Der Kinderroman „Mit Jasper im Gepäck“ erzählt eine sehr amüsante und spannende Geschichte, bei der der heimliche Ponytransport im Mittelpunkt steht. Die Komik des Buches ergibt sich dabei vor allem daraus, dass der allwissende Erzähler immer wieder durch die Augen der Kinder schaut. Auf diese Weise können die Leser direkt am Geheimnis der kleinen Helden, an ihren phantasievollen Einfällen und an ihrer kindlichen Logik teilhaben. So ist es für Nicklas und Annelie beispielsweise sonnenklar, dass Jasper übergangsweise im Koffer von Tante Tinne versteckt werden muss, um ihn so unbemerkt in den Zug nach Stockholm verfrachten zu können. Insbesondere die Überlegenheit der beiden Kinder gegenüber den als etwas verschroben und unbeholfen dargestellten Erwachsenen, die meinen, alles im Griff zu haben, und doch ahnungslos sind, macht die komische Wirkung dieses Kinderbuches aus. So muss man doch herzlich lachen, wenn Tante Tinne wieder einmal einen Brief an die Eltern daheim verfasst und notiert, dass die Reise wunderbar und ohne Komplikationen verlaufe, während die Geschwister unterdes eine heikle Situation nach der anderen mit Bravour meistern.

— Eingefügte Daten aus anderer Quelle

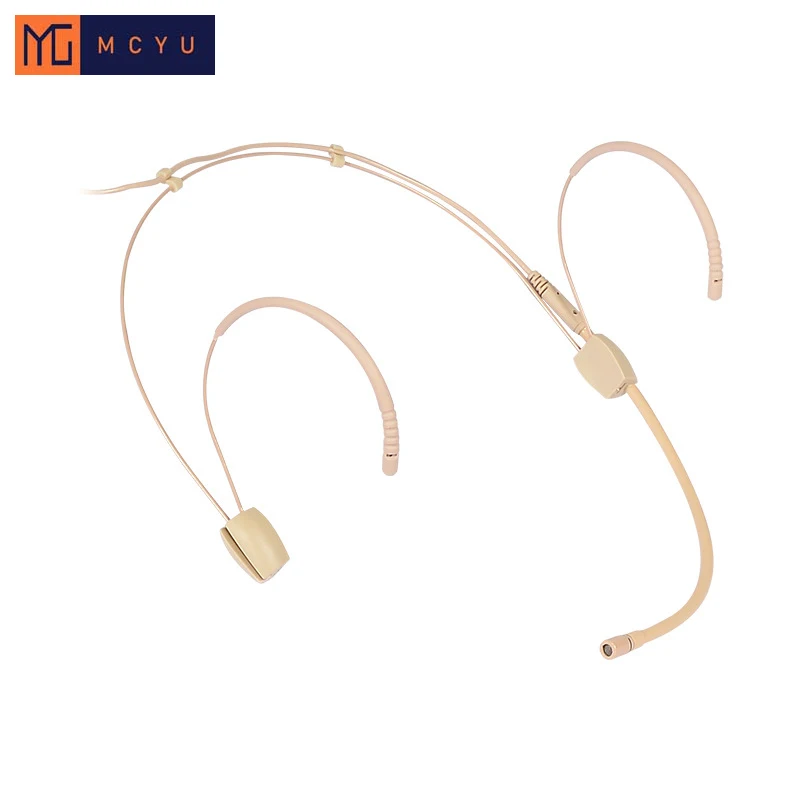 Headset Beige Wired Condenser Microphone Hidden Wireless Transmitter Amplifier Micofone for Shure for AKG for Sennheiser Adapter - Image 3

Darüber hinaus zeichnet sich die Erzählung durch die großzügige Verwendung von Wortwitz und Situationskomik aus, die nicht selten als Slapstick daherkommt. Immer wieder droht das Geheimnis von Annelie und Nicklas aufgedeckt zu werden. Und stets nur im letzten Moment schaffen es die beiden, dies zu verhindern. Daher müssen die Geschwister eng zusammenhalten, ihre Tante andauernd austricksen und sich haarsträubende Ausreden einfallen lassen. Kein Wunder also, wenn in der Geschichte von wiehernden Portiers im Wandschrank, rumsenden Staubsaugern oder verlorenen Kindern die Rede ist.

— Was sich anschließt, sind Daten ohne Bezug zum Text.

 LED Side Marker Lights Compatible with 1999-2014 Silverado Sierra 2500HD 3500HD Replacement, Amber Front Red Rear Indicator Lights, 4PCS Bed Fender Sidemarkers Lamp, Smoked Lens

Neben der Komik tragen auch Spannung und das rasante Tempo, in dem die Geschichte erzählt wird, zu einer vergnüglichen Lektüre bei. Die einzelnen Stationen der Zugreise sowie die vielen aufregenden Erlebnisse rund um den Ponytransport folgen dabei sehr schnell aufeinander. Dem entspricht die Aufgliederung der Geschichte in viele kurze Kapitel, die jeweils mit einer den Inhalt vorausdeutenden Überschrift versehen sind. Zur besseren Orientierung findet sich darüber hinaus auf den Innenseiten des Buchdeckels eine Übersichtskarte von Skandinavien, auf der die Reiseroute von Kopenhagen nach Stockholm eingezeichnet ist.

Gunnel Linde – sie wurde erst kürzlich für ihr schriftstellerisches Gesamtwerk mit dem hochdotierten Astrid-Lindgren-Preis ausgezeichnet – hat „Jasper im Gepäck“ bereits Anfang der 1970er Jahre geschrieben. Dies merkt man dem Kinderroman durchaus an, ohne dass ihm dies irgendeinen Abbruch zufügte. Die Erzählsituation – ein auktorialer Erzähler nimmt die Kinderperspektive ein – ist ebenso traditionell wie das mitunter leicht verrätselnde, die Spannung noch steigernde vorausdeutende Erzählen, die Aneinanderreihung zahlreicher kurzer Augenblicksspannungen innerhalb eines überwölbenden großen Spannungsbogens, die Etablierung einer heiter-unbeschwerten Grundstimmung und eines Settings, das den Lesern eine rasche und problemlose Orientierung ermöglicht. Zu dieser hergebrachten Schreibweise gehört auch der Verzicht auf mehrschichtige oder gar ambivalente Charaktere, die Portionierung des Stoffes in kurze, überschaubare Lesehäppchen und die ungekünstelt-klare, keineswegs aber oberflächliche Sprache mit ihren kurzen und verständlichen Sätzen. Die vielfach ausgezeichnete Übersetzerin Birgitta Kicherer findet dafür auch im Deutschen den richtigen Ton.

Die treffenden, im Retrostil gehaltenen Illustrationen von Susanne Göhlich auf dem Cover und zu Beginn eines jeden Kapitels tragen zu einer einladenden Aufmachung des Buches bei. Dabei lassen die klaren Linien und rundlichen, freundlichen Formen die Bilder sehr liebevoll erscheinen. Genau wie die Schrift sind auch die Illustrationen in einem dunklen Blauton gehalten, der Lieblingsfarbe von Tante Tinne.

Insgesamt stellt das Kinderbuch „Mit Jasper im Gepäck“ eine sehr spannende und rasante Komödie dar, die sich sowohl zum Vorlesen als auch zum Selbstlesen für Kinder ab sieben Jahren eignet. Komik, Spannung und Tempo sind die tragenden Elemente der Erzählung, welche die Autorin geschickt mit einem traditionellen Erzählstil verbindet, der auch heute noch überzeugt. Doch nicht nur Kinder sind eingeladen, herzlich zu lachen und mitzufiebern. Auch Erwachsene werden beim Lesen der Geschichte schmunzeln müssen, wenn sie sich auf dieses kindliche Abenteuer einlassen.